Here $W_M$ introduces the phase difference $\varphi$ via the HR_M, and we adjust the voltage at PZT via a computer-controlled system to obtain the maximum intensity at D₂, while the minimum intensity is at D₁. Then, the optimized reliability ${\mu }_1$ can be obtained when we lock the phase difference in two big MZIs to be $\varphi =2n\pi$.

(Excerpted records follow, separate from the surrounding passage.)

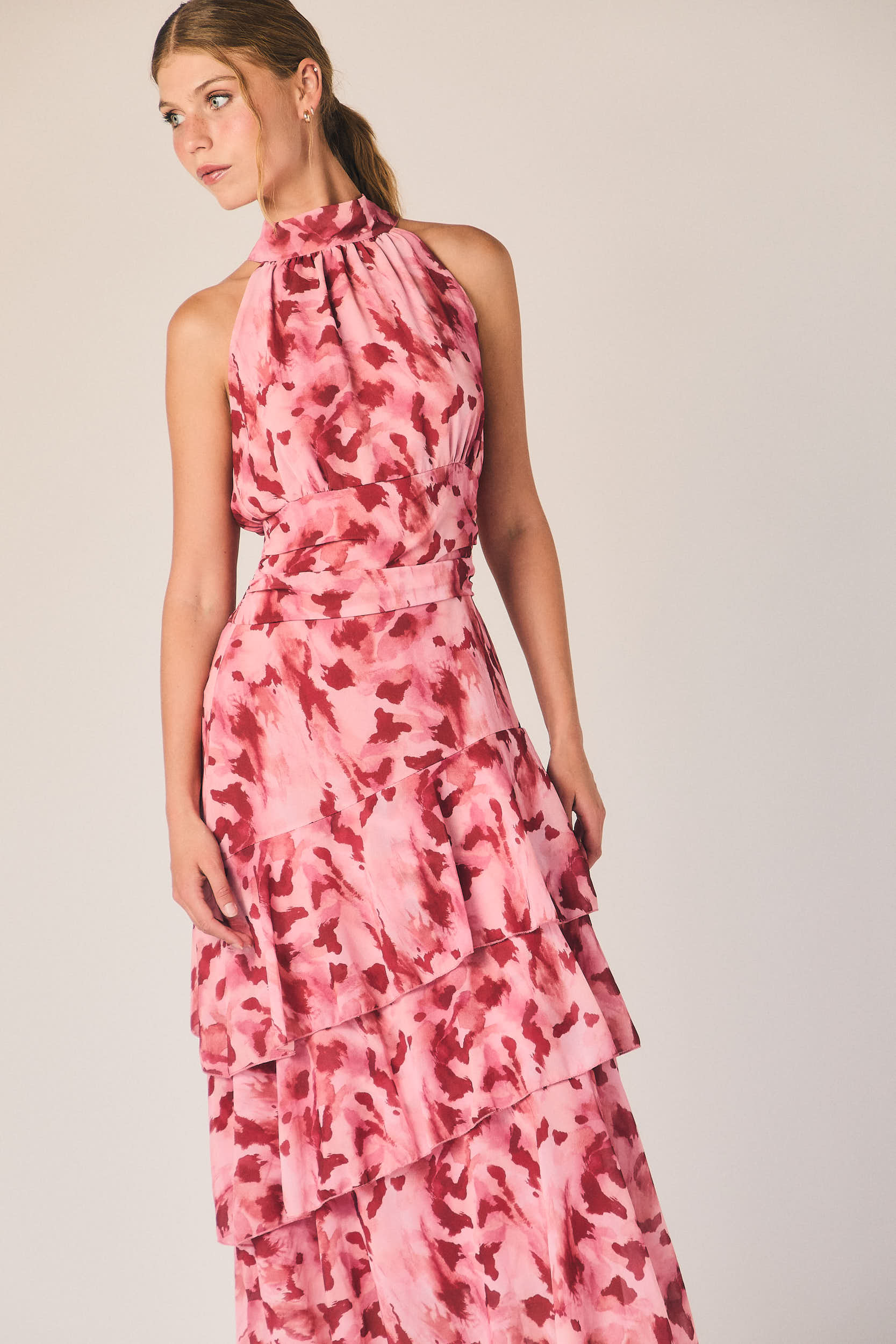 Vestido halter estampado acuarela rosa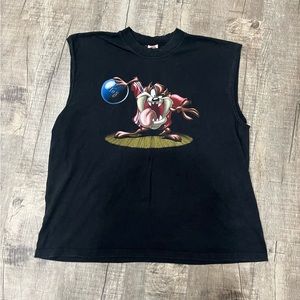Vintage 2000 Tazmanian Devil tank top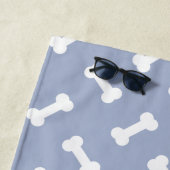 名前をカスタムする付き青色犬の骨と骨の模様 ビーチタオル (インサイチュ)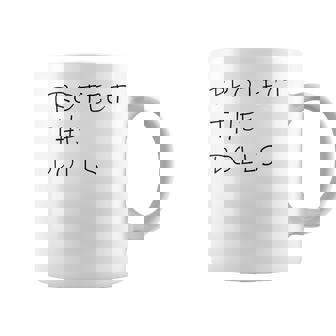 Protect The Dolls。 コーヒーマグ - Kawaiitshirt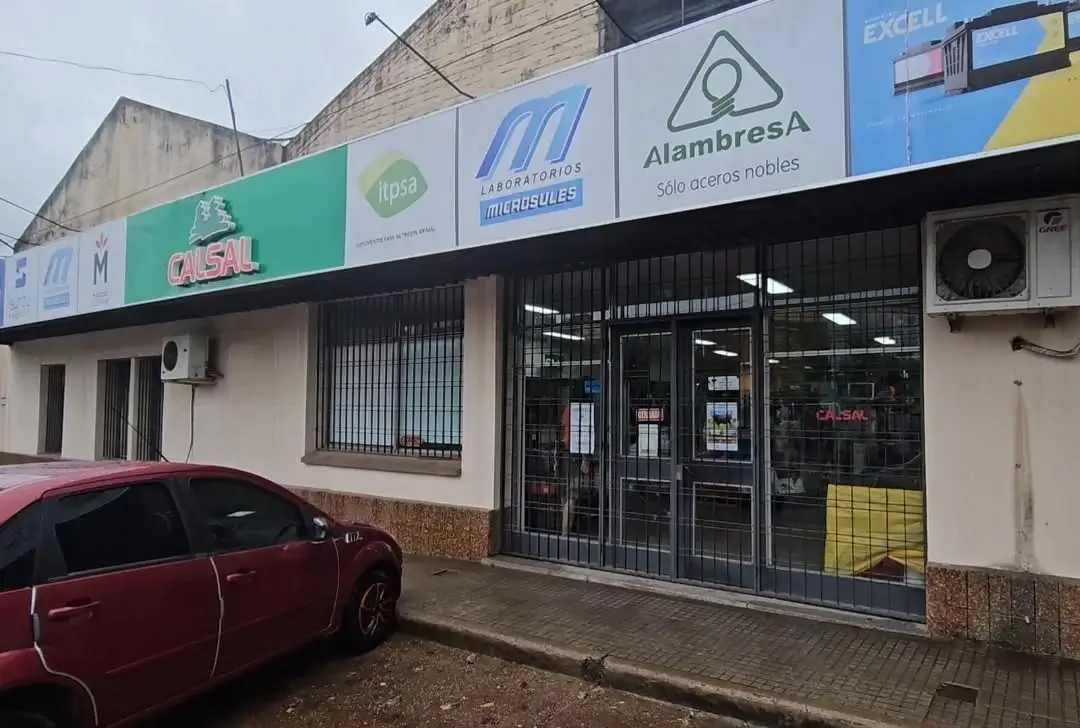 Robo en Calsal Salto: dos hombres armados se llevan 140 mil pesos 4 “Policía investiga asalto en Calsal Salto donde robaron 140 mil pesos”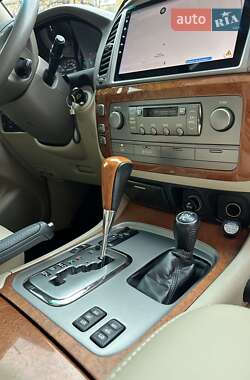 Внедорожник / Кроссовер Lexus LX 2004 в 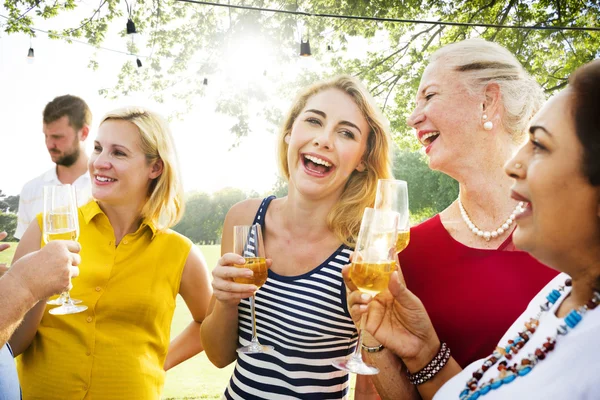 Grupo de personas en el picnic —  Fotos de Stock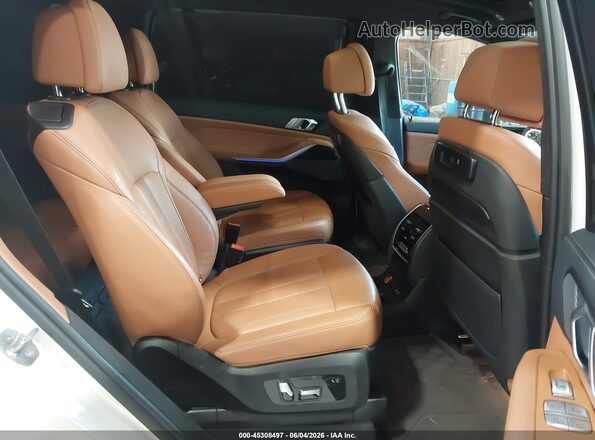 5UXCW2C02L9C57469 2020 BMW X7 White Вид наклейки з VIN-кодом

When the signal attenuation ${\chi }_1+{\chi }_c$ on the left path of the BS_Ms is set to 0.340, the value of the reliability ${\mu }_1$ = (${{Wc}_{21}}^{S\left(1\right)}$/${{Wc}_{11}}^{S\left(1\right)}$)² we calculated will be infinity. Note that the definite value represents the total actual attenuation on another arm of the large MZI, which is equal to $1-{\left(1-{\chi }_2\right)}^8\cdot {\mathrm{c}\mathrm{o}\mathrm{s}}^{16}(\pi /16)$. The blue points in Figure 6 represent experimental data showing the reliability ${\mu }_1$ versus different ${\chi }_1+{\chi }_c$. The reliability exhibits an initial increase, followed by a subsequent decrease, with the peak reliability ${\mu }_1=27.6\pm 0.22$ occurring at ${\chi }_1+{\chi }_c=0.34$, which is higher than the non-controlled signal degradation (as shown in the small figure embedded in Figure 6 with a value of ${\mu }_1^{\prime }=13.0$). As a result, the answer to the question posed earlier is affirmative. Communication reliability with an infinite number of beam splitters and degradation can theoretically reach 100%, and the measured results confirm high-reliability direct communication in the experiment. On the other hand, the results for logic 0 remain unaffected by the attenuation correction method after repeated measurement experiments. However, in the actual measurement process, there is a lot of uncertainty, such as the difference in the sensitivity and quantum efficiency of the detectors, the difference in the degradation of each path for MZIs, the difference in the losses of the optical components in each arm, phase fluctuation for the piezoelectric transducers, the frequency drift of the weak light source, and so on. This affects the reliability more or less. For the setup, the measuring reflectivity of beam splitters is obtained from the test report; the uncertainty is at 1% and 0.5%, respectively, and all beam splitters are selected strictly according to our theoretical result in the experiment; meanwhile, the random shifting of the phase in each MZI is suppressed through the assisted locking control system.

5. Conclusions

An ideal quantum communication scheme based on non-interaction cannot be completely verified in the actual measurement process. Factors such as the degradation of the transmission path, the number of optical elements, fluctuations in phase and frequency, and detector sensitivity, among others, can impact the scheme’s performance. Therefore, it is necessary to provide an optimized measurement scheme to compensate for the system’s balance under various restrictive conditions. We have analyzed the transmission characteristics in actual processes using different reasonable parameters and have proposed the method of controllable-signal attenuation to counteract these limitations that lead to errors. The method of controllable-signal attenuation enables to correct the path loss of each MZI and as a result, compensate for the system’s balance under various restrictive conditions, and the 100% reliability of the quantum communication protocol could be obtained in theory. Our experiment has demonstrated the high reliability of this protocol, which holds significant practical implications for the application of quantum communication. Additionally, the approaches in our protocol are intuitive and could put the direct communication protocol into a realistic framework, which demonstrates the feasibility of developing counterfactual quantum communication and may stimulate more ideas and thoughtful experimental demonstrations on real-world quantum communication. In the next step of the work, the single-photon source will be considered by using a pulsed laser and photodetectors to repeat the experiment, which will further confirm the direct quantum communication property.